[[ Data shown open ]]
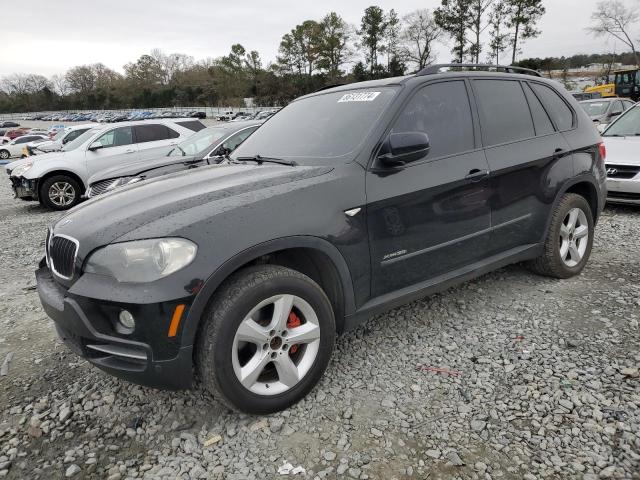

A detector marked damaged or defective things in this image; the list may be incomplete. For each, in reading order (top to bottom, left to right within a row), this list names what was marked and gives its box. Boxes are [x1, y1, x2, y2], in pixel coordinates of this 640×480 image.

damaged vehicle [37, 65, 608, 414]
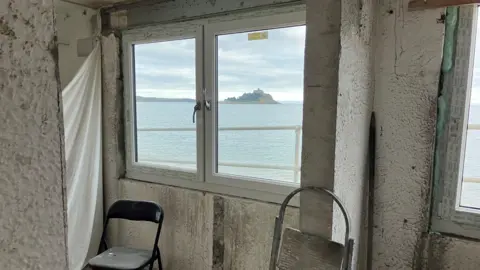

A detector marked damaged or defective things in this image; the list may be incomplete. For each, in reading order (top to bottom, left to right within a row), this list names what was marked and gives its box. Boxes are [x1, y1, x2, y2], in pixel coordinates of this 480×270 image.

peeling paint wall [0, 0, 68, 270]
peeling paint wall [54, 0, 96, 87]
peeling paint wall [374, 0, 444, 268]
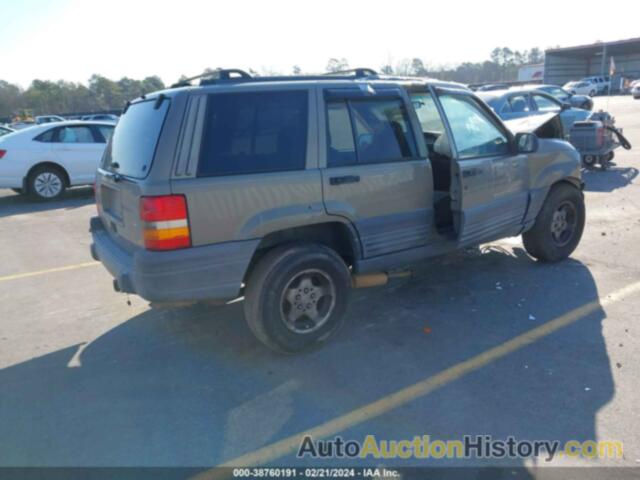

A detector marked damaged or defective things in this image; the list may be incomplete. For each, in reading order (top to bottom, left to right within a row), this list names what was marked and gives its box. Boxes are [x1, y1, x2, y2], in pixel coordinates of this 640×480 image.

damaged suv [90, 67, 584, 352]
[[ Data shown closed ]]
▸ **Exercise instructions**
Word for word, repeat the data above with the pictures left out.

▸ **Exercise solution**
A detector marked damaged or defective things in this image; the list may be incomplete. For each, in reading order (top to bottom, left to right within a row), this list names what was marked and gives its box. Boxes are [x1, y1, x2, y2], in pixel coordinates of this 640×480 image.

damaged vehicle [37, 65, 608, 414]

A detector marked damaged or defective things in this image; the list may be incomplete. For each, in reading order (top to bottom, left to right within a row), this list names what was marked and gives its box. Boxes are [x1, y1, x2, y2], in pixel coordinates of this 480×270 image.

peeling paint wall [0, 0, 68, 270]
peeling paint wall [54, 0, 96, 87]
peeling paint wall [374, 0, 444, 268]

A detector marked damaged or defective things in this image; the list may be incomplete. For each, in reading order (top to bottom, left to right within a row), this list names what was marked and gives its box. Boxes are [x1, y1, x2, y2], in pixel coordinates of this 640×480 image.

damaged suv [90, 67, 584, 352]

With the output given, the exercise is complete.